Options: PRINT, RMETHOD, INDEX, ENVELOPE, NSIMULATIONS, PROBABILITY, SHADE, RESIDUALS, LEVERAGES, COOK, GRAPHICS, TITLE, WINDOW, SCREEN, SAVE.

Parameters: YSTATISTIC, XMETHOD.


Method

Standardized residuals and leverages are accessed using RKEEP from the latest fitted regression model, or from that specified by the SAVE option. Deletion residuals di are calculated for linear models as follows:

di = ri /√((n-p-ri2)/(n-p-1))

where ri are the standardized residuals, n is the number of observations, and p is the number of parameters in the model.
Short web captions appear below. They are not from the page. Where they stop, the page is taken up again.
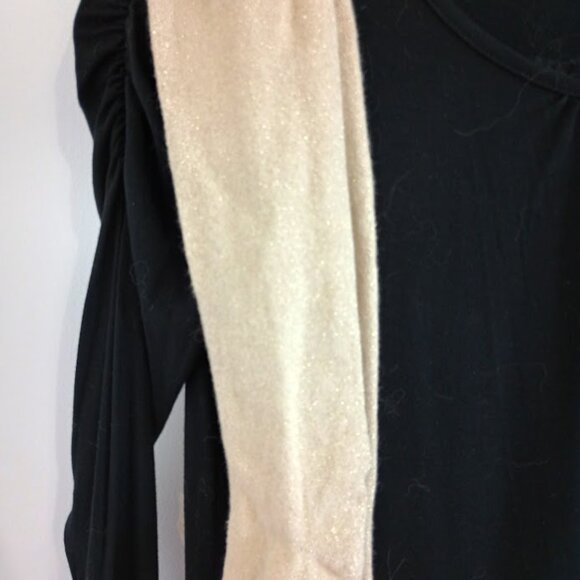 Festive Black & Gold Dress with Tights set - Picture 2 of 4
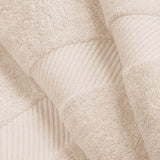 Egyptian Cotton Dobby Border Medium Weight Bath Towel Set of 4 - Egyptian Cotton Bath Towel by Superior Brand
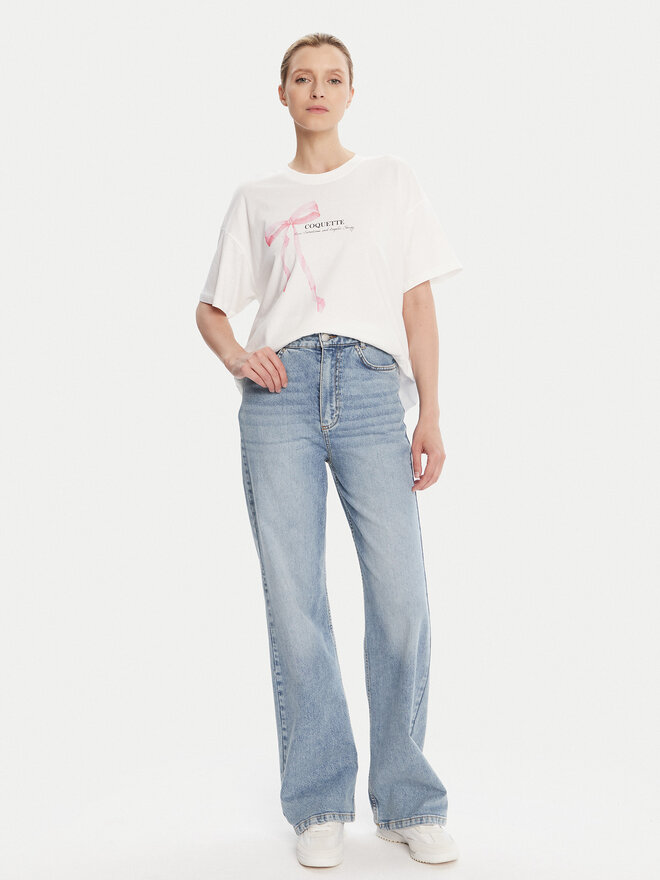 ONLY ONLY Camiseta Vivvi 15346761 Blanco Regular Fit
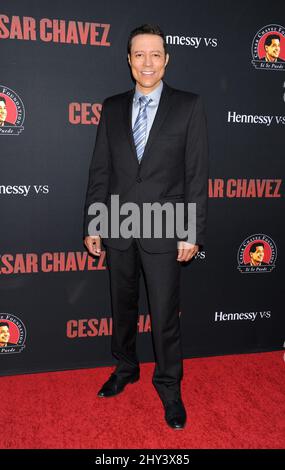 Yancey Arias bei der Premiere von „Cesar Chavez“ in Los Angeles Stockfoto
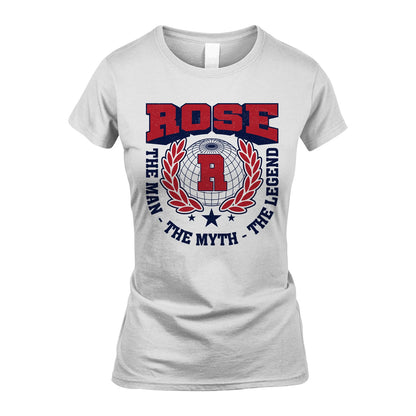 The Man The Myth The Legend Logo Shirt ROSE M1-30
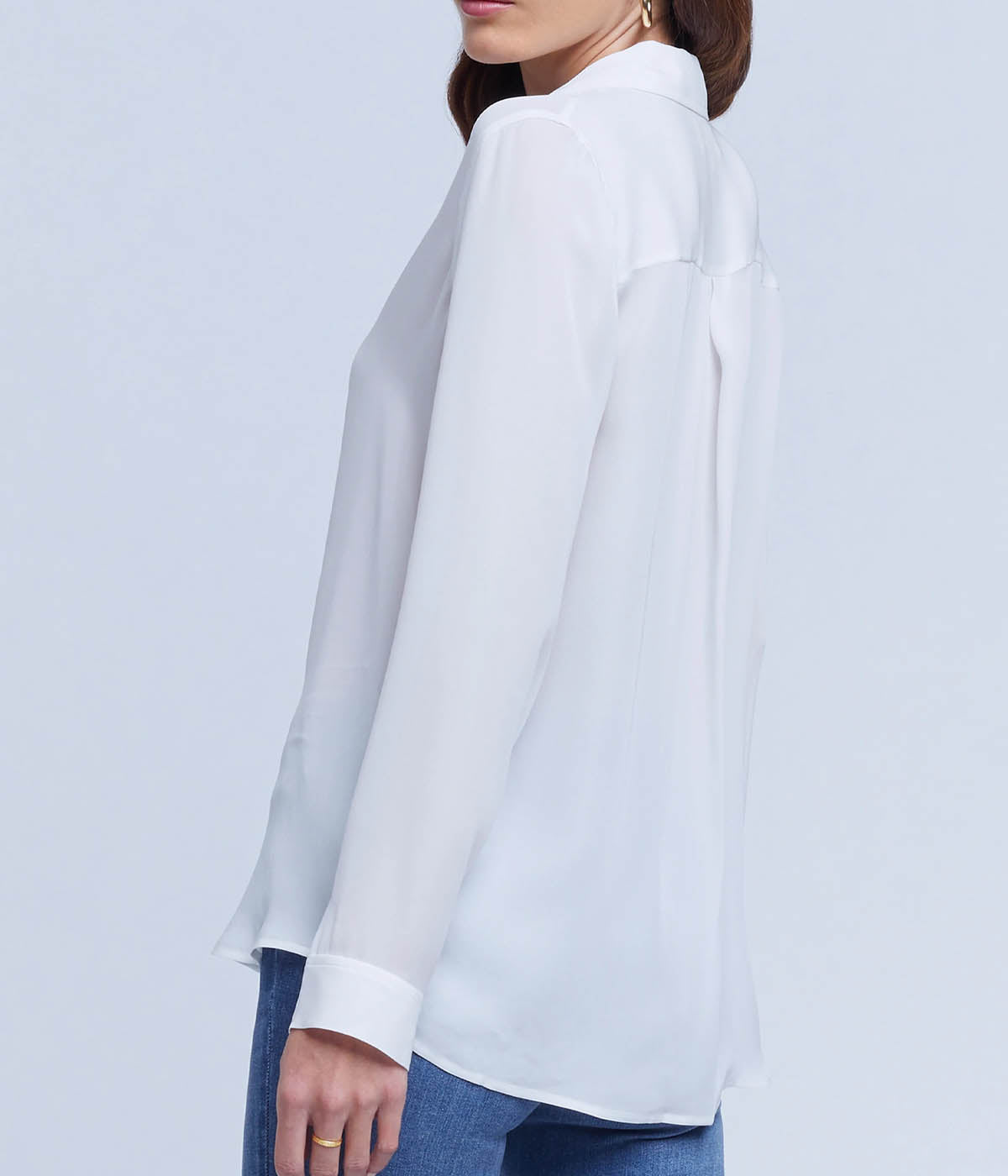 Nina Longsleeve Shirt in Ivory
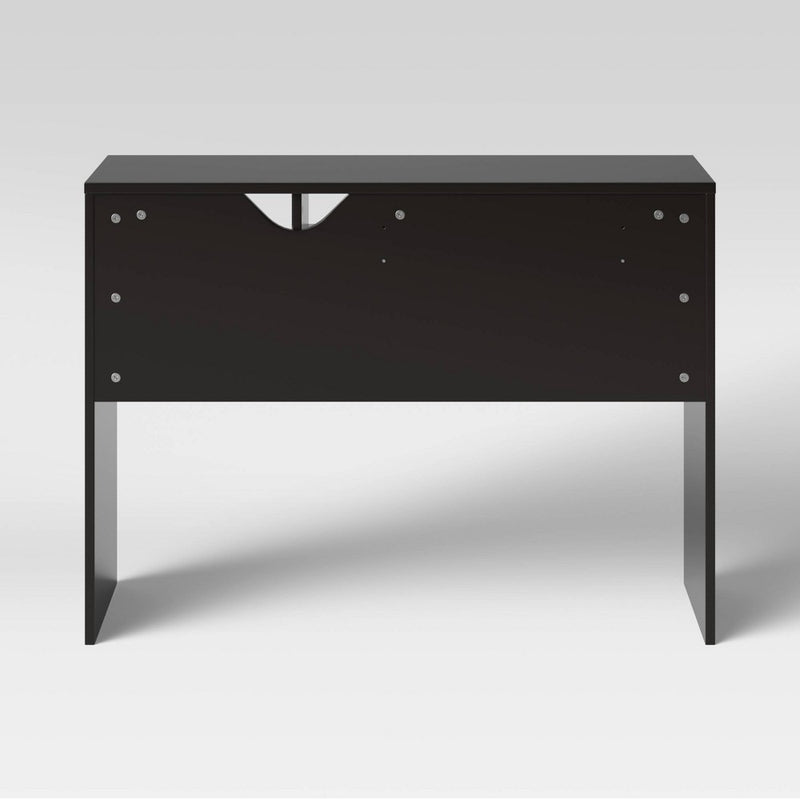 Student Writing Desk with Storage Black - Room Essentials (LOCAL PICKUP ONLY)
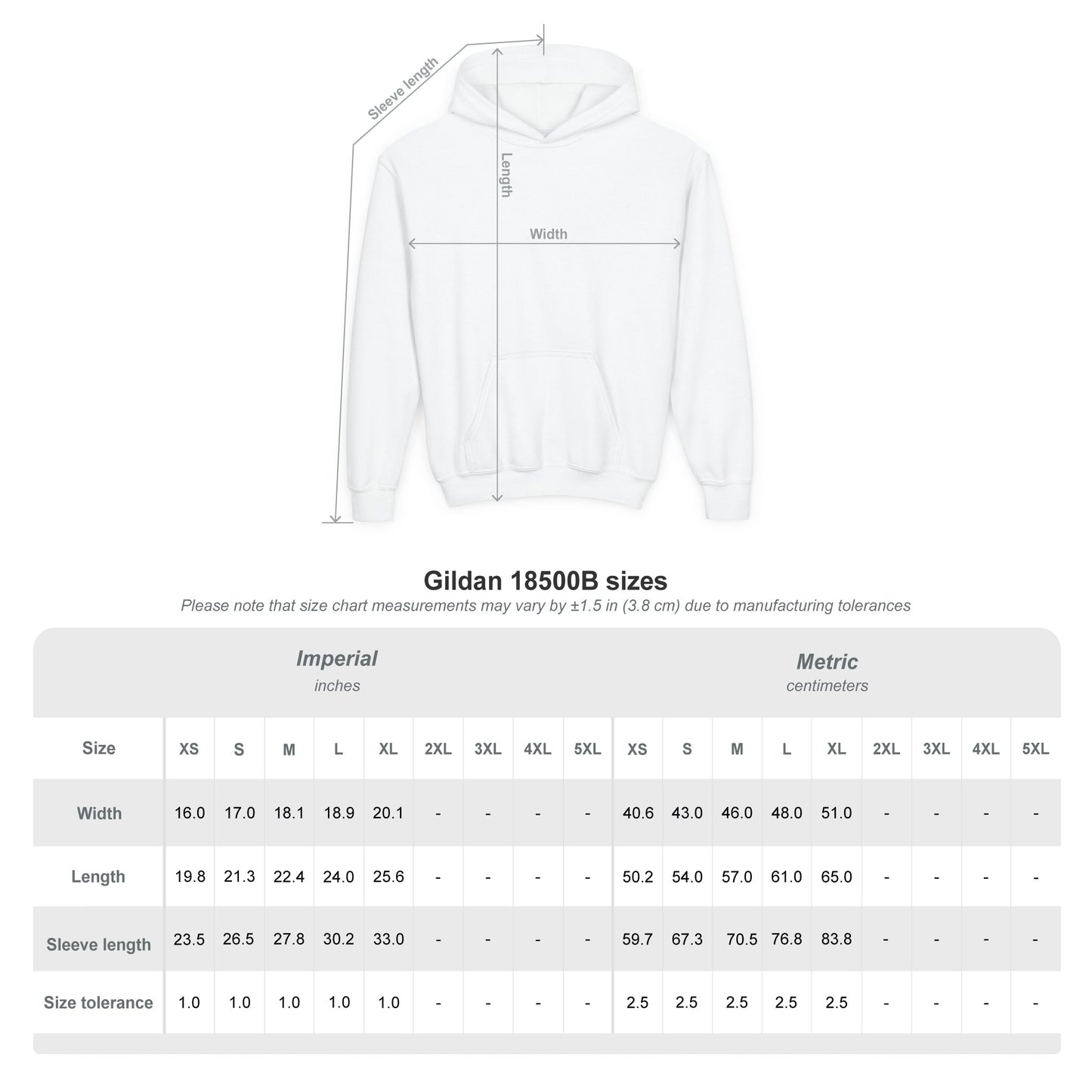 Youth Hoodie — Elegant 'GB' Script Logo Pullover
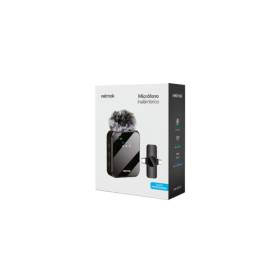 Micrófono Corbatero Inalámbrico Netmak NM-MC13 USB-C/Lightning 20m
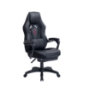 Blitzed OC 6018 Gaming Chair Computer Office Chair in Racing Style With Retractable Footrest - Black | 6018FT/BLACK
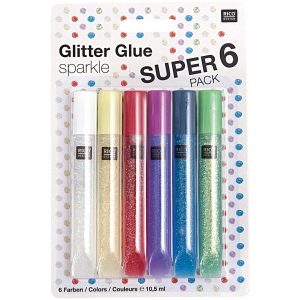 Rico Design Glitter Glue sparkle 6x10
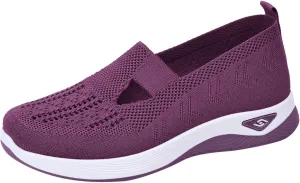 Women's Slip On Sneakers Breathable Mesh Soft Shoes Orthopedic Casual Walking Shoes Hands Free Slip in Foam Shoes
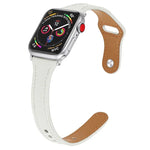 レザー交換用ストラップ 時計バンド スチールボタン付き、Apple Watch Series 7 41mm / & 6 & SE & 5 & 4 40mm 用、Apple Watch Series 7 45mm / & 6 & SE & 5 & 4 44mm 用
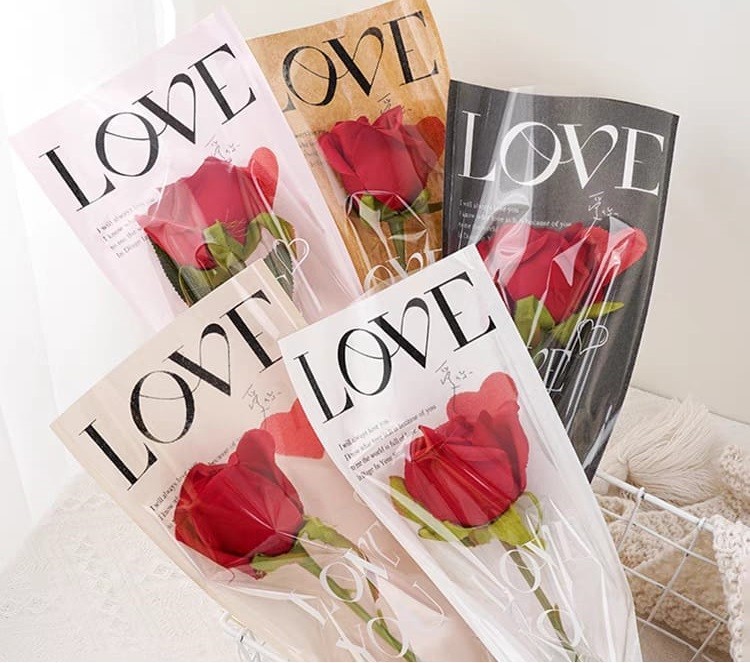 20PCS Single Flower Wrapping / Waterproof Bouquet Wrapper/ Pembalut ...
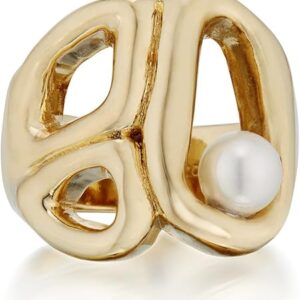 Signet Ring W/ Abstract Pearl Signet Ring W/ Abstract Pearl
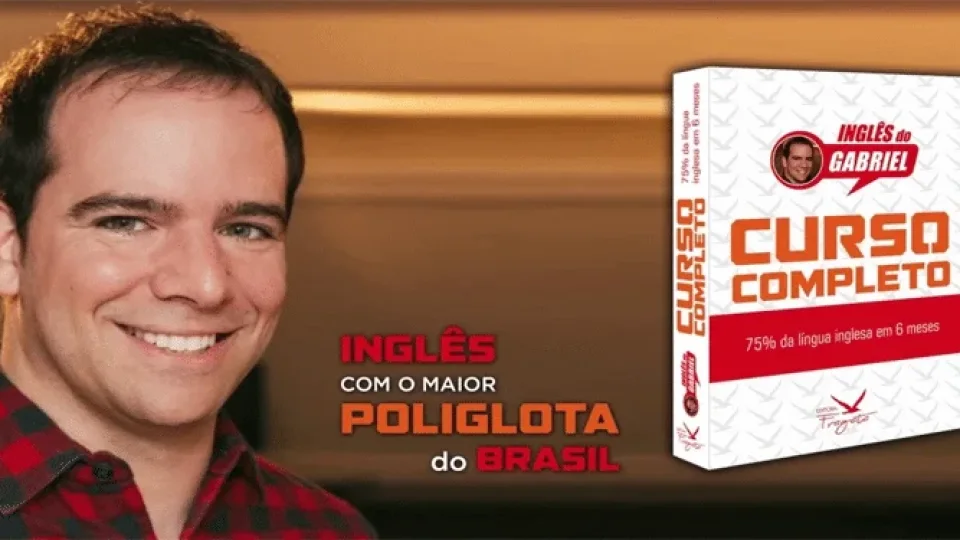 Capa do curso Turbine SEU Inglês – Gabriel Poliglota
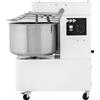 Prismafood Impastatrice a Spirale IBT602V con Testa e Vasca Fissa - Pizzerie e Panetterie - Motore a 2 Velocità - Capacità lt 60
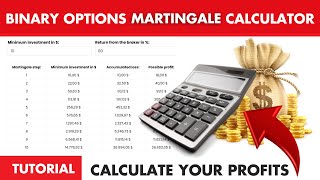 ¡Explicación de la calculadora de estrategia Martingale de opciones binarias! Binaryoptions.com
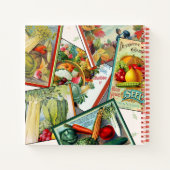 Notitieboek van de  zaadcatalogus Gardener (Achterkant)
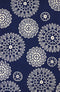 Rugs Navy Blue Rug 22" x 36" x 0.47" Navy Olefin Accent Rug 6858 HomeRoots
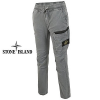 스톤아일*드 STONE ISLAND 슬림스판 면카고 팬츠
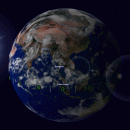 3D Earth Screensaver freeware screenshot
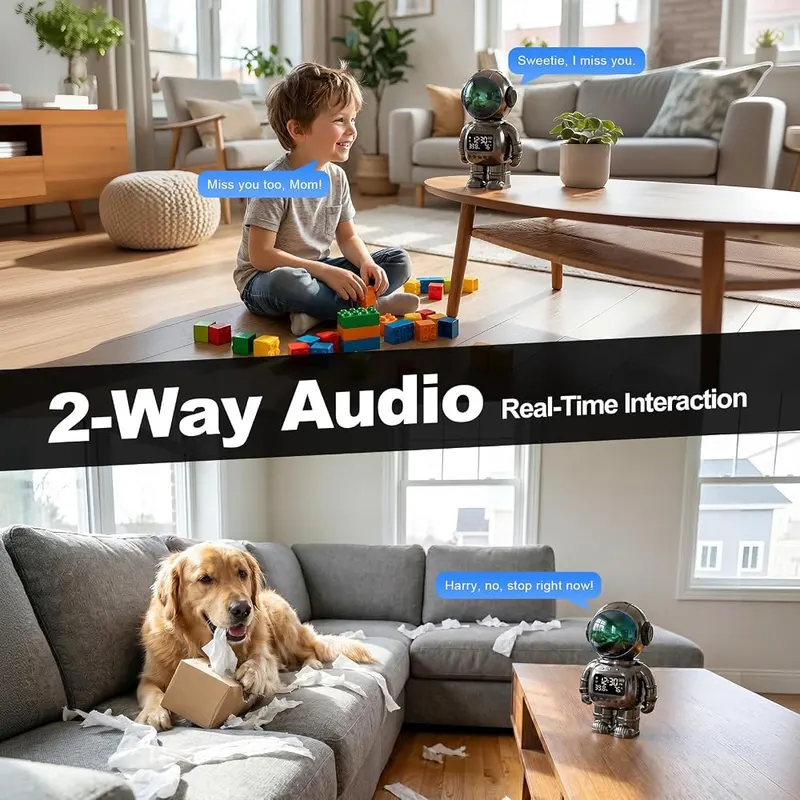Noahlink 2K Clock Indoor Camera 2-Way – Dual-band WiFi and Bluetooth pairing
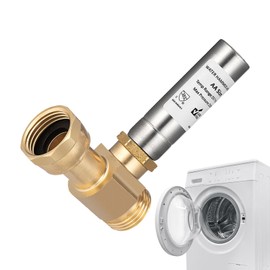 Water Hammer Arrestor - Stainless Steel Water Hammer Arrestor - Hammer Arrestor for Washing Machine - Thread Hammer Arrestor for Garden Hose, Faucet, 3/4NH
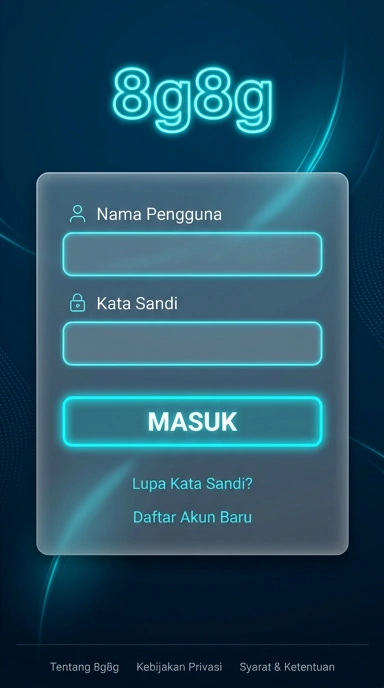 Tampilan halaman login 8g8g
For generalized linear models,

di = SIGN(rdi) × √((1-li) × rdi2 + li) × rpi2)

where rdi and rpi are the standardized deviance and Pearson residuals respectively.

   Modified Cook's statistics ci are calculated as follows:

ci = ABS(di) × √{ (n-p) × li / (p × (1-li)) }

where li are the leverages. In Normal plots, the Normal quantiles are calculated as follows:

qi = NED( (i-0.375) / (n+0.25) )

while for a half-Normal plot they are given by

qi = NED( 0.5 + 0.5 × (i-0.375) / (n+0.25) )

   For generalized linear models, fitted values are transformed by an approximate variance-stabilizing transformation before use in graphs:

Poisson, multinomial, negative binomial and geometric 2 × SQRT(fitted)

    binomial, Bernoulli
2 × ANG(100 × fitted / nbinomial)

    gamma, exponential
LOG(fitted)

    inverse Normal
1 / fitted

   The smoothed line displayed for fitted-value or index plots is calculated as a straight line if the number n of distinct explanatory values is >3. Otherwise it is a cubic smoothing spline, with 2 d.f. for n>9, 3 for n>34 or 4 for n>59.

   For Normal linear models, envelopes are calculated by default from ns sets of Normal random numbers, where

ns = (1 + PROBABILITY) / (1 - PROBABILITY).

If the number of observations is less than 100, the values are transformed using the projection matrix to induce the observed correlation pattern of the data; for larger datasets, no transformation is done. The values are then ordered and the minimum and maximum values determine the envelope boundaries. If ns is set by the NSIMULATIONS option, the boundaries are calculated with the QUANTILES function from the ns values generated for each ordered residual. For generalized linear models, ns sets of values of the response variate are generated from the distribution, with parameters estimated from the current fit. The model is refitted to each set, and the residuals extracted and dealt with as for the transformed Normal values above.


Action with RESTRICT

Restrictions applied to vectors used in the regression apply also to the RCHECK procedure. Values of diagnostic quantities are set to missing for all excluded units.